Comet_maths Linear Algebra Module

Comet_maths Linear Algebra Module#

The comet_maths linear algebra module implements matrix operations, typically applied to error correlation and covariance matrices. Most of these are used within punpy and obsarray. We will here go through the most important functions.

First, there is function to calulate the error correlation matrix from a MC-generated sample:

import comet_maths as cm
import numpy as np
sample = cm.generate_sample(1000, np.zeros(200), np.ones(200), "syst")
err_corr = cm.calculate_corr(sample, corr_dims=0)

Here it is possible to provide the dimension (or list of dimensions) along which to calculate the error correlation. If no corr_dims is provided, all dimensions will be used (can lead to memory intensive operation if dimensions are large).

Another important function that is often used (any time when generating a correlated sample) is the nearestPD_cholesky(). This function checks if the provided (error correlation/covariance) matrix is positive definite, and if not modifies the diagonal elements of the matrix to try and make it positive definite (e.g. needed for fully systematic error correlation matrices). The corr argument is a boolean which allows to indicate whether the provided matrix is an error correlation matrix.

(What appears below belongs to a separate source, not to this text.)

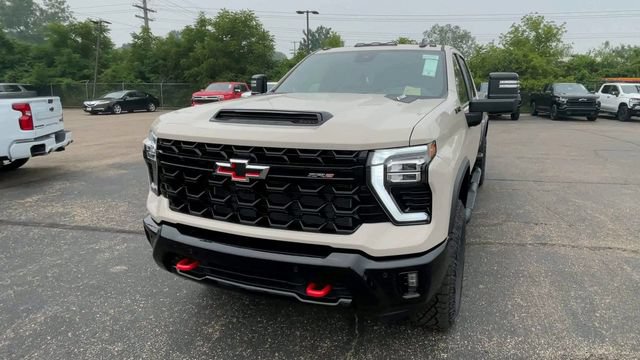 New 2026 Chevrolet Silverado 2500 ZR2 w/ LPO, Dark Essentials Package AWD/4WD image 5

If the latter is the case, we ensure there are no elements above 1. This function returns either the positive definite error correlation matrix, or its Cholesky decomposition:

A_cholesky = cm.nearestPD_cholesky(err_corr, corr=True)
A_PD = cm.nearestPD_cholesky(err_corr, corr=True, return_cholesky=False)

The Cholesky decomposition is useful to correlate samples (see Random Generator Algorithm Theoretical Basis).

Next there is also a function to calculate the Jacobian of a measurement function:

Jx = cm.calculate_Jacobian(function_flat, xflat)

Here the input quantities need to be flattened into a single array, and the measurement function should run with these flattened input quantities. Typically, this requires concatenating the input quantities, and making a new measurement function which indexes the flattened input quantities to get back to the individual variables before applying the rest of the measurement function.

Then, there are a range of functions which allow to convert an error correlation matrix and associated uncertainties into a covariance matrix and the other way around:

errcorrx = cm.correlation_from_covariance(cov_x)
u_x = cm.uncertainty_from_covariance(cov_x)
errcorrx = cm.convert_cov_to_corr(cov_x, u_x)
cov_x = cm.convert_corr_to_cov(errcorrx, u_x)

There are also some functions which allow to combine different error correlation matrices for which the variables themselves are corelated with error correlation matrix corr_between, as well as functions to separate a combined matrix:

corr_between=np.array([[1, 0.4], [0.4, 1]])
flat_corr = cm.calculate_flattened_corr(
         [errcorrx, 0.5*np.ones_like(errcorrx)+0.5 * np.eye(len(errcorrx))],
         corr_between
     )
corrs, corr_between = cm.separate_flattened_corr(flat_cor, 2) # here the 2 is how many error correlation arrays the provided array should be splitted.

It is important to note that here the error correlation matrices provided (or separated into) must be of the same shape. In addition to taking into account the corr_between values, to calculate the error correlation between e.g. the error on the first index of the first variable and the third index of the second variable, we average the error-correlation between the first and third index of the first variable and the error correlation between the first and third index of the second variable.

There are also other useful functions that are used within punpy, but might also be useful by themselves (though these should be used with caution). This includes e.g. a function to change the order of variable dimensions and calculate the resulting changes to the error correlation matrix:

errcorryx2 = cm.change_order_errcorr_dims(
         errcorrxy, ["x", "y"], ["y", "x"], dim_sizes
     )

Another function allows to expand error correlation matrices in one or more dimensions to more dimensions:

outcorr2_x = cm.expand_errcorr_dims(errcorrx, "x", ["x", "y", "z"], dim_sizes)
outcorr2_y = cm.expand_errcorr_dims(errcorry, "y", ["x", "y", "z"], dim_sizes)
outcorr2_z = cm.expand_errcorr_dims(errcorrz, "z", ["x", "y", "z"], dim_sizes)

outcorr2_xyz = np.dot(np.dot(outcorr2_x, outcorr2_y), outcorr2_z)

This is typically needed when calculating the total error correlation matrix from error correlation matrices provided separately per dimension. The expanded error correlation matrix returned by this function should be used in a dot product with error correlation matrices in other dimensions (the expanded matrix is not meaningful by itself).